About the Department
Our Global Clinical Operations team within PPD® Clinical Research Services provides comprehensive end-to-end clinical trial support — from study start-up and monitoring through to close-out. We deliver high-quality, cost-efficient, and timely clinical studies across commercial and government sectors.
The PPD FSP (Functional Service Provider) Model
The PPD FSP division partners directly with clients as an extension of their teams, providing flexible, high-performing operational support. FSP professionals work with leading sponsors while benefiting from the structure and resources of the PPD CRO — ensuring excellence, consistency, and scalability across global clinical programs.
Role Summary
The Clinical Trial Manager (CTM) provides cross-functional leadership and global accountability for all operational deliverables of assigned clinical studies — from final protocol concept to clinical study report (CSR) and results disclosure.
This position demands a strong operational mindset, strategic thinking, and expertise in dermatology, particularly Atopic Dermatitis. The CTM ensures delivery of trials on time, within budget, and in full compliance with SOPs, ICH-GCP, and regulatory standards.
Key Responsibilities
1. Study Leadership & Oversight
Lead global clinical trials, ensuring delivery within defined timelines, budget, and quality standards.
Develop and refine study timelines and budgets using internal and external benchmarks.
Oversee cross-functional planning, study progress tracking, and completion of deliverables.
Lead, mentor, and support junior clinical staff.
2. Vendor & CRO Management
Guide and monitor CROs and external vendors to ensure all contractual obligations and KPIs are met.
Evaluate performance metrics, resolve issues proactively, and ensure on-time deliverables.
3. Clinical Trial Documentation
Develop key clinical tools, including Monitoring Plans, Guidelines, and Data Quality Plans.
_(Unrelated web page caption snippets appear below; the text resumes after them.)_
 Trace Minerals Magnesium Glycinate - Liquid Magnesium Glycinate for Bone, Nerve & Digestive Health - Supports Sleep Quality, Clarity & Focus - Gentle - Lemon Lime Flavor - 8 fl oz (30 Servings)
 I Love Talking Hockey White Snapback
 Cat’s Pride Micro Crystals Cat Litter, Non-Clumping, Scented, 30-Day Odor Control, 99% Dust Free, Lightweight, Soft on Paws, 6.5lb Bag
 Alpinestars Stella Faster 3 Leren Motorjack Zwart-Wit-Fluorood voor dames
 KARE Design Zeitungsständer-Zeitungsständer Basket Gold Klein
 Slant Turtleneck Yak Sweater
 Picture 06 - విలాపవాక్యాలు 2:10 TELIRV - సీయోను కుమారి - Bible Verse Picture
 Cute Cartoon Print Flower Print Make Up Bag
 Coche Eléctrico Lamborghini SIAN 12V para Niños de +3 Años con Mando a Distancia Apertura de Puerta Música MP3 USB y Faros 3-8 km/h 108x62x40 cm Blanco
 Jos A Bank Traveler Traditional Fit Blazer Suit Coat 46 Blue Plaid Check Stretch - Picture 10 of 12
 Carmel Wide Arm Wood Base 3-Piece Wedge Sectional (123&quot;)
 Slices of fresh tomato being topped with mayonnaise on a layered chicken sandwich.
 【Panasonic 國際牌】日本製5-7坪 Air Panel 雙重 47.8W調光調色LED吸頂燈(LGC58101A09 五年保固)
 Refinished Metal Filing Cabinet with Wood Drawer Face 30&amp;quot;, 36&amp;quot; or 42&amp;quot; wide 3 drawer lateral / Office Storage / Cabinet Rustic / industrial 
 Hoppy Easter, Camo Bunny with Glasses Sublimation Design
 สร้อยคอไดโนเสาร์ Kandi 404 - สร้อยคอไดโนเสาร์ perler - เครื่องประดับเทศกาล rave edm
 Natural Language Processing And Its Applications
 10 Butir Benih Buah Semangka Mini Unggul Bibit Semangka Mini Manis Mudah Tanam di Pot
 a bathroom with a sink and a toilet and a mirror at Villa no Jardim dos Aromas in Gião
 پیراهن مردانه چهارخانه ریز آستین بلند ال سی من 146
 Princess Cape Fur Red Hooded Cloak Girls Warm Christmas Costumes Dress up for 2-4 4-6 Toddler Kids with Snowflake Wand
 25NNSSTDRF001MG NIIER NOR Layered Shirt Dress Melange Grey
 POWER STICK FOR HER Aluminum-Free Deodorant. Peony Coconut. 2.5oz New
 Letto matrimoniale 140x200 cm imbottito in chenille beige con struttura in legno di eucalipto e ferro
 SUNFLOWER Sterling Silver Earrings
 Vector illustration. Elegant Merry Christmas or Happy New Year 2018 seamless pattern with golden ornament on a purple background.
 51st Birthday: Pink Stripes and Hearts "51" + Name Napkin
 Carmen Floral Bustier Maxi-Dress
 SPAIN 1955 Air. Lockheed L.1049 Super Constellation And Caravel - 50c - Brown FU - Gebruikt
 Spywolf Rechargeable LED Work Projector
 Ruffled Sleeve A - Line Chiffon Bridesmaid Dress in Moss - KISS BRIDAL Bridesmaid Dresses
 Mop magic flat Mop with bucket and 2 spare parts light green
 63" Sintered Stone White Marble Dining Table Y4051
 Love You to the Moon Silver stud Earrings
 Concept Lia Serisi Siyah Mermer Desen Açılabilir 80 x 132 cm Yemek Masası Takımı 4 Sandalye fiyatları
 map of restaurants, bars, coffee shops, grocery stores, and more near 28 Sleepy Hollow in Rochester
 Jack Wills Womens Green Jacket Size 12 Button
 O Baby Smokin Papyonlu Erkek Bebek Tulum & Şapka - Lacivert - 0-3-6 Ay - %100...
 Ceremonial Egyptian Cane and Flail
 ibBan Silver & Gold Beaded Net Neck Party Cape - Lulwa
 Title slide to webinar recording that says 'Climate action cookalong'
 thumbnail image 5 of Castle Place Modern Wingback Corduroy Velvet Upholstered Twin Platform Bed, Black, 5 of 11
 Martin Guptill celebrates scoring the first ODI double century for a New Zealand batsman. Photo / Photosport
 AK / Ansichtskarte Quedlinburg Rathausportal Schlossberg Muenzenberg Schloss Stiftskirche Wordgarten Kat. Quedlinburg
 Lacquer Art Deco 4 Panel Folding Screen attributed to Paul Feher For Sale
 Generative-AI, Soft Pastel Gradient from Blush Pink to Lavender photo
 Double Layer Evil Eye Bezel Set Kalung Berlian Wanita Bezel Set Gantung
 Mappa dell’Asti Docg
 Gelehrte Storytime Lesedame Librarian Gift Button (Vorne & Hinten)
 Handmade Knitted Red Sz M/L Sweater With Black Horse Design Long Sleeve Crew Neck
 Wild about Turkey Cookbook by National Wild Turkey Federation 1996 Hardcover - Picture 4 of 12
Contribute to creation and management of the Master Action Plan (MAP) and Trial Master File (TMF).
Participate in the design of CRFs, informed consent forms, and other trial-specific documents.
Ensure document quality and compliance with regulatory and SOP requirements.
4. Cross-Functional Collaboration
Partner with project managers to support client meetings, bid defenses, and project hand-offs.
Collaborate with data management, biostatistics, regulatory, and clinical teams to ensure cohesive project execution.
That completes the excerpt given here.